Films -- Live-Action

  • Averted in I Robot, where Del Spooner simply opens his eyes after a nightmare. And he's woken by his alarm clock rather than the nightmare itself.
  • Star Wars
    • Avoided in Attack of the Clones. Anakin dreams about his mother dying and merely opens his eyes.
    • Star Wars III: The Revenge of the Sith. Anakin has frequent nightmares foreshadowing Padme's death. Comes complete with a free Shirtless Scene.
  • Hitchcock's Vertigo.
  • The Lord of the Rings, of all things. In fairness, Aragorn pulls a knife in the same motion, and has probably trained himself to do this every time he's suddenly awoken.
  • In the third The Naked Gun movie, Frank wakes up after the opening sequence which is a "nightmare" of being in a situation of there being crime he can't stop. Of course, given that the scene (as well as the movie's format itself) is slapstick and not supposed to be taken seriously in the slightest, it would only be considered a nightmare to him.
  • Sleepy Hollow: Director Tim Burton commented that Johnny Depp does some very good fainting/waking up scenes.
  • The Matrix: After Neo gets the bug put in him, and possibly when he jacks out of the Construct program in the real world hovership after learning the truth about the Matrix.
  • Played straight/parodied in Muppets from Space. Gonzo bolts upright after waking from a Noah's Ark nightmare. Unfortunately, Rizo is sleeping in a hammock directly above him. The result? Rizo himself getting catapulted out the the window.
  • Averted and then played straight during Picard's Dream Within a Dream in Star Trek: First Contact. When he falsely wakes up from his first nightmare he simply opens his eyes while sitting in his desk chair; when he wakes up for real, he jumps up from his bed.
  • The Princess Bride: Buttercup wakes to fill the screen with her frightened "gasp of awakening" directly after the scene featuring "the ancient boo-er."
  • In Constantine, Angela Dodson does this after experiencing a nightmare of her twin sister killing herself. It turns out to be real.
  • Wolverine has an especially notable one in X-Men.

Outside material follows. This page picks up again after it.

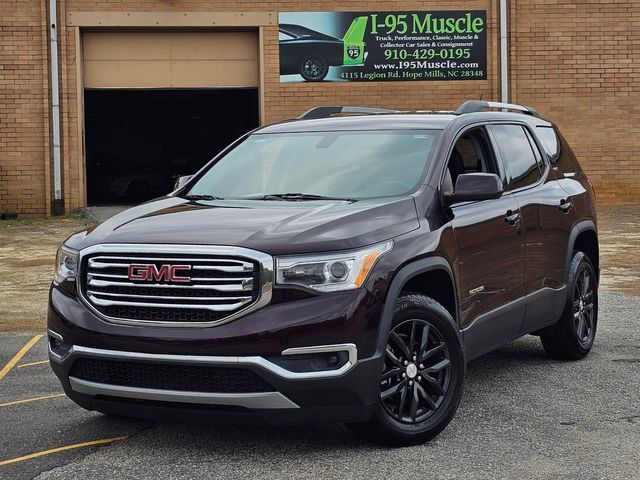 2018 GMC Acadia SLT-1 2018 GMC Acadia SLT-1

In all honesty, adamantium claws don't mix well with many activities.
  • Averted in the 2007 film I Am Legend, when the protagonist wakes up from terrifying flashback-dreams (yanking the viewers out of intense scenes) by simply opening his eyes (where the viewers see a close-up of his face in quiet morning silence).
  • The Golden Child (1986). Chandler Jarrell after his dream of being tortured and almost killed by Sardo Numspa and his henchmen.

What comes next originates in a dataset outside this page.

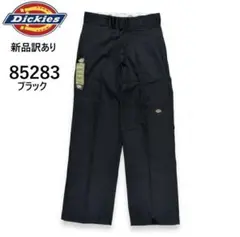 Dickiesダブルに ￼ワークパンツ ブラック 28x32のサムネイル
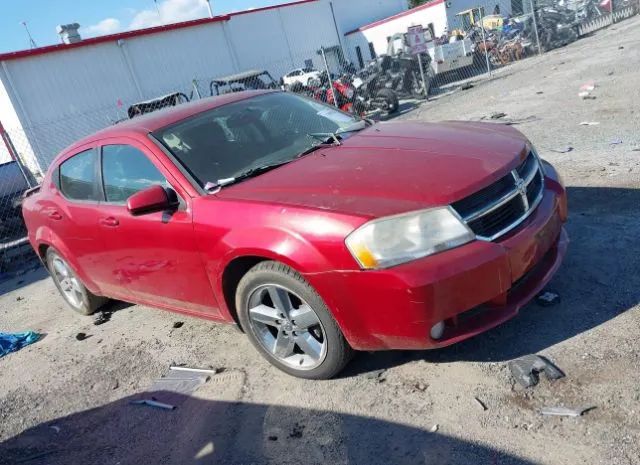 DODGE AVENGER 2010 1b3cc5fv0an206252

  • Aliens: Ripley's nightmare of having an alien rip out of her chest near the beginning.
  • Averted in the opening scene of The Others. Nicole Kidman's character wakes up from a nightmare, but she simply lays awake in bed for a moment before sobbing into her pillow. Of course, she may be a little different from most people...
  • In Zoolander, Derek Zoolander does this, only as he shoots straight up, he slams his head into the frame of the bed above his (he and his three roommates slept in two sets of bunk beds) and crashes to the ground.
  • Somewhat averted in the Korean film Seducing Mr. Perfect. After a nightmare, the heroine's body does tense, but other than that, she doesn't move before opening her eyes. After opening her eyes, she stares into space for a few seconds, and then, she pushes herself up and gasps.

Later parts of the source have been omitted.